Jawaharlal Nehru University's criteria to hire profesors seem to be knowledge of gaushalas and baby ethics.
In an email circulated by a Delhi University professor to his colleagues in DU and JNU, he described-- what can be called the most bizarre interview-- where he was asked if he had any knowledge of animal and baby ethics, reportedNews 18.
Another said he was tested for his knowledge on gaushalas (Cow shelters). An Economics professor from DU, who had appeared before JNU's selection committee earlier, told the portal that he was asked if there was any gaushala near his place."Have you visited a gaushala?
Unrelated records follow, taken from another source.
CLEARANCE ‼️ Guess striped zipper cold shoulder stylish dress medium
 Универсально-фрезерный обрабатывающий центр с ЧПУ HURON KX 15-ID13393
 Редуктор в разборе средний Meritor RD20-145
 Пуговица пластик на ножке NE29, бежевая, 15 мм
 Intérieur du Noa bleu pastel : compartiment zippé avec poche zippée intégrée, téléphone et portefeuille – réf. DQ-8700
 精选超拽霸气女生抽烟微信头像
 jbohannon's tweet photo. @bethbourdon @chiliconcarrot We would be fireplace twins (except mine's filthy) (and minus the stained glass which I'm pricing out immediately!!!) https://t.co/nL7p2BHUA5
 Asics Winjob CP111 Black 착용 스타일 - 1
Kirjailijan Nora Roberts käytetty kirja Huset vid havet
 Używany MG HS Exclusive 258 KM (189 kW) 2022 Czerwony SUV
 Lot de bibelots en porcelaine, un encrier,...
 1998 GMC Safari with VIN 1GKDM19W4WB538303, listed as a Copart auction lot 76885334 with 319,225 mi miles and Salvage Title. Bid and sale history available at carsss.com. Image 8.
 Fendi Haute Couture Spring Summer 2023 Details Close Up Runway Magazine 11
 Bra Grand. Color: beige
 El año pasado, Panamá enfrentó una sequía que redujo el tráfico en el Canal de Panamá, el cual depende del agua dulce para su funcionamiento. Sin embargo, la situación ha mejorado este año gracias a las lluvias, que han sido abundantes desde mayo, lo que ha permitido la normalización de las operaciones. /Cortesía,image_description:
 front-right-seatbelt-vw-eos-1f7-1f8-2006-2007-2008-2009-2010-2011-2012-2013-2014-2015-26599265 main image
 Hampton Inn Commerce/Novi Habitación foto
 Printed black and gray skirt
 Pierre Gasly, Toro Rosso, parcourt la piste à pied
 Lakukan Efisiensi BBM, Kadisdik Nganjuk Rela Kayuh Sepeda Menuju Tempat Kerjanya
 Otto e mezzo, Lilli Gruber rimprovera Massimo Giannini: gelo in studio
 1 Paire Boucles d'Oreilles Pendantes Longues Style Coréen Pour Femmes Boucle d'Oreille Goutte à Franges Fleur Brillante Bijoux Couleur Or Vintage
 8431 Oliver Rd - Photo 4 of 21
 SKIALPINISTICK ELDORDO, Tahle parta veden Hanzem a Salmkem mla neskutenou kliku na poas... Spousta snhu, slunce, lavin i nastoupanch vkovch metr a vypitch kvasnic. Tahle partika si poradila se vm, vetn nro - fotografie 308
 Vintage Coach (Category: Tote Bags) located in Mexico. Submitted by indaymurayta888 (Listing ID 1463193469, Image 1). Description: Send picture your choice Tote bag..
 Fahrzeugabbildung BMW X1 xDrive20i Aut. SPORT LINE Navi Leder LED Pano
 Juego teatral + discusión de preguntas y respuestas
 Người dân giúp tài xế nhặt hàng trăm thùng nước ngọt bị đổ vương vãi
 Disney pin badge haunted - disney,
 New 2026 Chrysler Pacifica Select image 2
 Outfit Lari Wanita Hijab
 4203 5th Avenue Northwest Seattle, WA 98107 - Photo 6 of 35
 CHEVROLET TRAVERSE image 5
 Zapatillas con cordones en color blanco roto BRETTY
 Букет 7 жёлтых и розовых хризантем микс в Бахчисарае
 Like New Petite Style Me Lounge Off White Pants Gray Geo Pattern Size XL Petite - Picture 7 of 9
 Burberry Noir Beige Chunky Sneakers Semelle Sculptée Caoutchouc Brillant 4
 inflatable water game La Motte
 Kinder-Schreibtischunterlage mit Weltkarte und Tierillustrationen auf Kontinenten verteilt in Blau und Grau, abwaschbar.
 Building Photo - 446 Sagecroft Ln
Is there a gaushala around your work area?"
"I was surprised that just because I have studied livestock and animal husbandry I was asked about gaushala," he said.
The DU professor had met the selection committee earlier, to present his research on the idea of "aesthetic regime" as proposed by French philosopher Jacques Rancière.
The committee that included JNU's VC M Jagadesh Kumar not only criticised his eight-minute long presentation but also gave a piece of his mind- "focus on baby ethics and animal ethics.
"You should pay more attention to different kinds of ethics like baby ethics and animal ethics," the email quoted V-C Jagadesh Kumar as saying. The professor was also asked to concentrate on "our own tradition" and thinkers like Panini and Bhartrihari and not to pay too much attention to "foreign thinkers".
"One gentleman in the group thought that others were being too roundabout it, and directly asked me if I had “generated” any work on “Indian” authors. I told him that I had indeed worked on Bangla literature, and published on the early novels of Bankim Chandra Chattopadhyay. He summarily dismissed it, and said he meant Indians like Panini and Bhartrihari (sic)," the email accessed by News 18 said.
A similar scene was witnessed by Delhi University's faculty members in an orientation programme earlier. Several Rashtriya Swayamsevak Sangh (RSS) backed speakers allegedly using the platform as a tool discussed topics that had no meaning in the context. Yajna can help combat pollution and the image of an 'omkar' is visible in sun rays, were some of the points.